# Some Parents



## XForce Girl (Feb 14, 2008)

Whenever I send my JOAD kids to a tournament they seem to always come home with a list of items they need.
Other kids parents stand around and exchange information about what their kids shoot and why their equipment is the "best"
Had a parent come to me the other day and request x10's because another kids parent said that's what they should be shooting.
When I quoted the price the parent about fell over. Looked at me like I was crazy. I said their money might be better spent on a higher level coach, (I'm only a level 2)
Now I'm the bad guy, they think I sold their kid sub par equipment because some person with no credibility said otherwise.
So, now when this happens I ask several questions.
1. How does their kid shoot with said equipment?
2. What have they won recently or ever.
3. What experience does parent have to offer advise?
4. Does this parent have an agenda? Do the kids compete in the same division? Maybe they are intentionally trying to plant doubt in their competitors mind.
As we all know archery equipment is expensive. I feel I am doing my customers a disservice if I always try to sell them the most expensive items rather than really good equipment at à lower price.
Too many people just throw money at this sport hoping to buy points, rather than just mastering what you have and working on the shooter.

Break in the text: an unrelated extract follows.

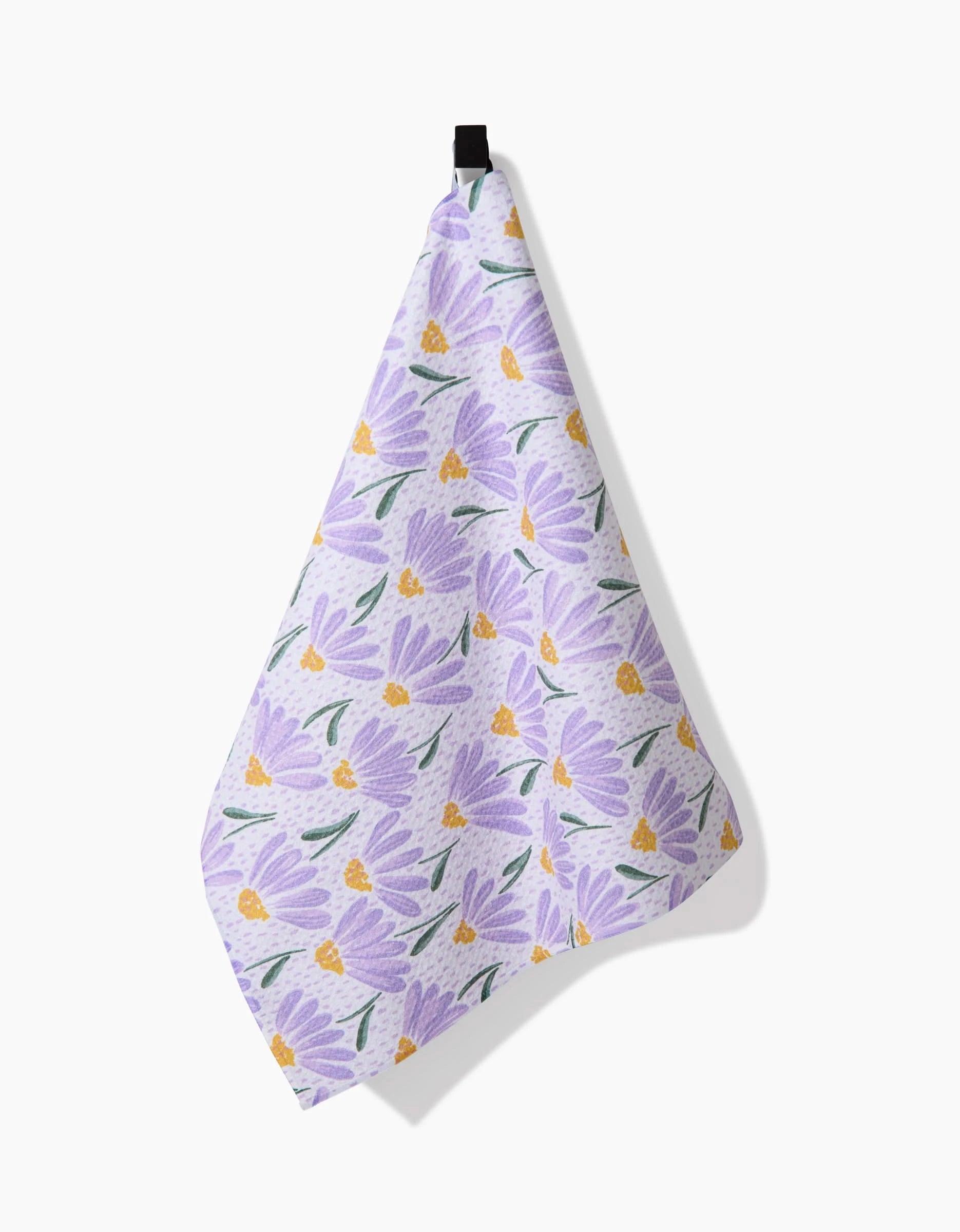 The Upside Down Daisy tea towel by Hufton Studio features soft Geoweave fabric with light purple flowers and green leaves on white, elegantly displayed against a plain background.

My advise to parents of young archers, take your kids to shoots, cheer them on and make sure they have fun. Keep your opinions and comments to yourself.


----------



## Ray Ray (Aug 1, 2005)

Its the same in every sport. I coach a softball rec league also. There are girls with 300 dollar bats that will never make the school team. 

I know a lot of grownups that throw money in better equipment, thinking their shooting will get better. when that doesn't work they quit or ask for help.


----------



## XForce Girl (Feb 14, 2008)

I think the main thing that drives me crazy is the fact that what someone tells them at a shoot must be true. Kinda like what you read on the internet must me true. People blindly believe these things with no credibility or proof.


----------



## Ray Ray (Aug 1, 2005)

I Know what you mean. I just taught at our youth field day, We had 2 level 2 & 1 level 1, but some parents would still listen to other parents that didn't have clue.


----------



## Iowa shooter (Feb 23, 2013)

When a new customer comes into the local archery store looking for a bow the first thing out of the employees mouth is "What is your price range and what are you planning to use it for"?

I think it is a good idea.


----------